Des ratlosen Helfer: der Coach
Nur zu gerne glauben Unternehmenslenker:innen und -entscheider:innen derartigen Heilsversprechen. Vor allem, wenn sie mit Erfolgsgeschichten von Tech-Giganten wie Apple, Google oder Amazon dekoriert werden. Es muss etwas dran sein an selbstorganisierten, agilen Teams, die zu Höchstleistungen fähig sind. Das hat ja auch Amy C. Edmondson in ihrer Forschung zu angstfreien Organisationen wissenschaftlich belegt [4].
Aber wie führt man Selbstorganisation in Unternehmen ein? Wie vermittelt man Mitarbeiter:innen und Manager:innen, was am aktuellen Zustand verändert werden muss und wie man ein neues Mindset gewinnt? In Ermangelung requisiter Anwendungssicherheit, -kenntnis oder -erfahrung wird nach Coaching durch Coaches gerufen. Diese sollen fehlende Fertigkeiten vermitteln, erklären und etablieren. Sie sollen den Manager:innen und Mitarbeiter:innen Orientierung darüber geben, wie selbstorganisierte Kooperation hierarchiefrei und auf Augenhöhe praktiziert wird. Sie sollen Ambivalenzen auflösen, die unter den Mitarbeiter:innen und Führungskräften hieraus resultieren.
Am Kipppunkt
Fällt Ihnen etwas auf? War es nicht die Aufgabe von Manager:innen, die letztgenannten Fragen zu klären? Sollten nicht Führungskräfte orientieren und ambivalente Entwicklungen, wie beispielsweise Konflikte, auflösen?

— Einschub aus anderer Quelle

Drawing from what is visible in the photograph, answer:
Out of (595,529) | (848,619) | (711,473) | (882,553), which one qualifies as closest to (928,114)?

Fassen wir kurz zusammen. Management ist ein riskanter Karrierepfad für verdiente Fachexpert:innen, die das Handwerk des Managements nicht erlernt haben. Die verabreichten Nachhilfestunden in Managementpraktiken sind nicht ausreichend wirksam, um der Welle der VUCA-Dynamik und dem Aufkommen agiler Arbeitsformen zu entsprechen. Da Manager:innen schon mit Management überfordert zu sein schienen, mussten Coaches aktiviert werden. Sie sollten die Lücke fehlender Selbstorganisationspraxis füllen. Und nun stehen Manager:innen am Spielfeldrand und sehen zu, wie Mitarbeiter:innen sich in agilen Teams selbst organisieren und von Coaches die nötige Orientierung und Konfliktbehebung erfahren.

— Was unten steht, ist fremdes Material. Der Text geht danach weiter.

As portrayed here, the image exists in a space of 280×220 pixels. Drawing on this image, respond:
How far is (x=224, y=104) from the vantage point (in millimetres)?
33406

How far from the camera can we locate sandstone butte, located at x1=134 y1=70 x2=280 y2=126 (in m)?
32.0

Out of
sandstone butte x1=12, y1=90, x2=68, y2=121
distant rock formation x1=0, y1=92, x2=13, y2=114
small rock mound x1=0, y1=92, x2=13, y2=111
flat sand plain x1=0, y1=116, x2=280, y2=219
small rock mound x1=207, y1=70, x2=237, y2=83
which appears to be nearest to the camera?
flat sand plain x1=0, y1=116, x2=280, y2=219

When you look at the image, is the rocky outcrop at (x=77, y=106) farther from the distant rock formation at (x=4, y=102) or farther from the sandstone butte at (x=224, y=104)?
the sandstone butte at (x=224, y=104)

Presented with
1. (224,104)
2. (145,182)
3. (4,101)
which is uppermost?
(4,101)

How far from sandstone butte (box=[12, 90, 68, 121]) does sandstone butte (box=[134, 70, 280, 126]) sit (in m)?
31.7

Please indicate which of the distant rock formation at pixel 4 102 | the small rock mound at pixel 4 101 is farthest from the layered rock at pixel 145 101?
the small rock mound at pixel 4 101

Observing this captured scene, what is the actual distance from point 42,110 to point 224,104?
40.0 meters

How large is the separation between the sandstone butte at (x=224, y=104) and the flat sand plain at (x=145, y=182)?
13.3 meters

Verantwortungsfreies Vollzeitcoaching
Diese Entwicklung, die anfangs unternehmensfremde Coaches, wie beispielsweise freiberufliche Berater:innen, zu Rate gezogen hat, hat sich weiterentwickelt. Fast schon hat sie sich zu einer neuen Normalität in Unternehmen verstetigt. Aus den Helfern in der Not, die operative Kenntnislücken in der Kooperationspraktik schließen sollten, sind festangestellte Vollzeitcoaches geworden. Ihre Profession ist es, die Mitarbeiter:innen und Teams im Unternehmen kontinuierlich bei der operativen Arbeit und der strategischen Planung zu beobachten. Sie sollen darauf hinweisen, welche Arbeitsformen, Kommunikations- und Kooperationsmodelle genutzt werden sollen, was Mitarbeiter:innen in der Interaktion miteinander falsch machen, und wie sie Konflikte lösen und Defizite ausgleichen können.

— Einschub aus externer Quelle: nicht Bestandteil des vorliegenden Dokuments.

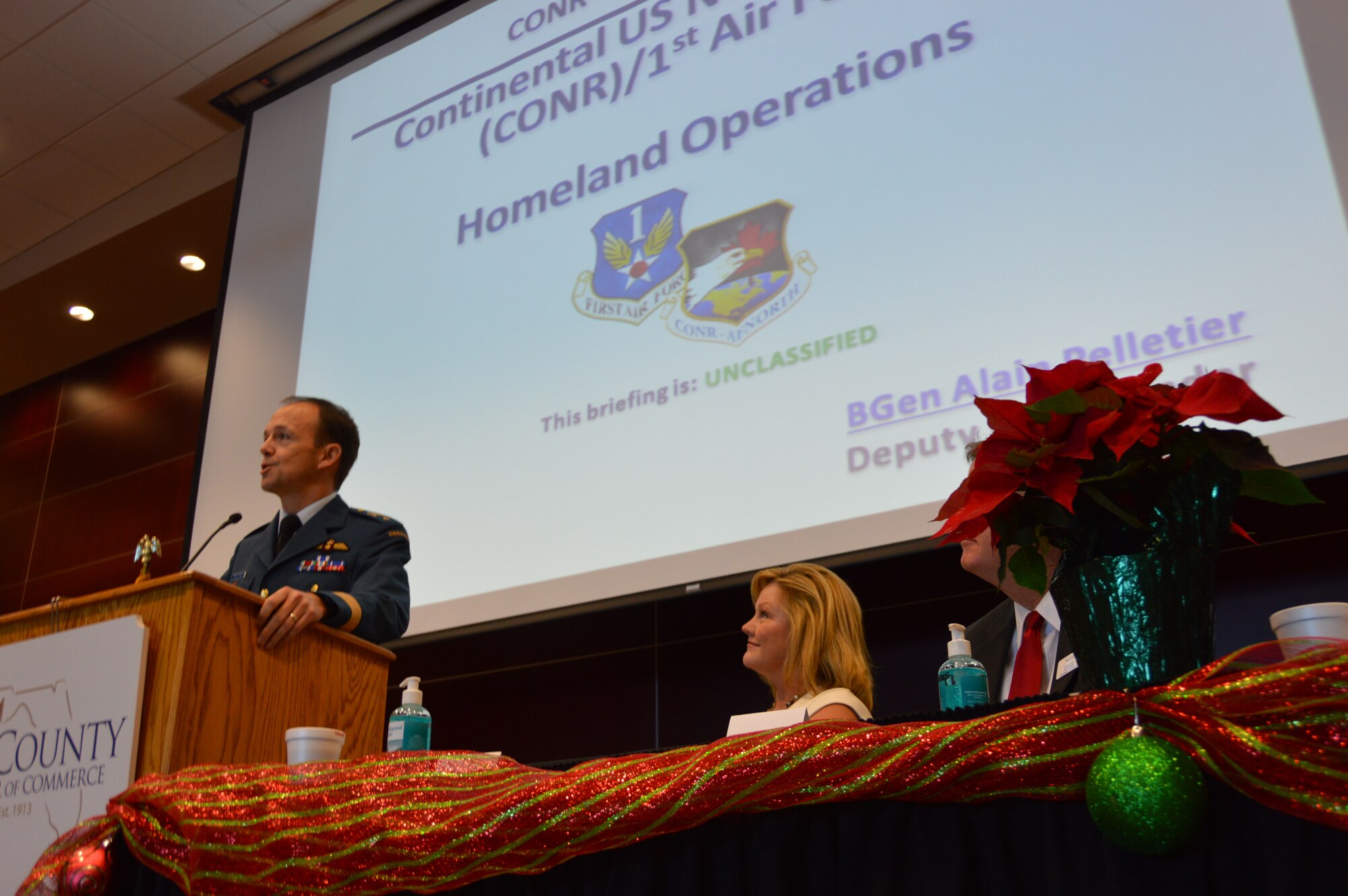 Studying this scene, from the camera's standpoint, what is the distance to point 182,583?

Erstaunlich erscheint mir dieser Umstand aus zweierlei Perspektive. Erstens sollten agile Arbeitsformen Unternehmensorganisationen produktiver machen. Das Leistungsniveau der bestehenden Mitarbeiter:innen sollte gesteigert werden: und zwar durch Selbstorganisation, Empowerment, Befähigung, Methodenschulung und Sicherstellung einer angstfreien Arbeitsumgebung. Die vorhandenen Mitarbeiter:innen sollten entweder produktiver werden oder eine reduzierter Personaldecke sollte das erreichte Produktivitätslevel halten können. Was aber geschieht, ist, dass die Belegschaft wächst und durch festangestellte Coaches erweitert wird. Doch dadurch steigen die Personalkosten. Paradox, oder nicht?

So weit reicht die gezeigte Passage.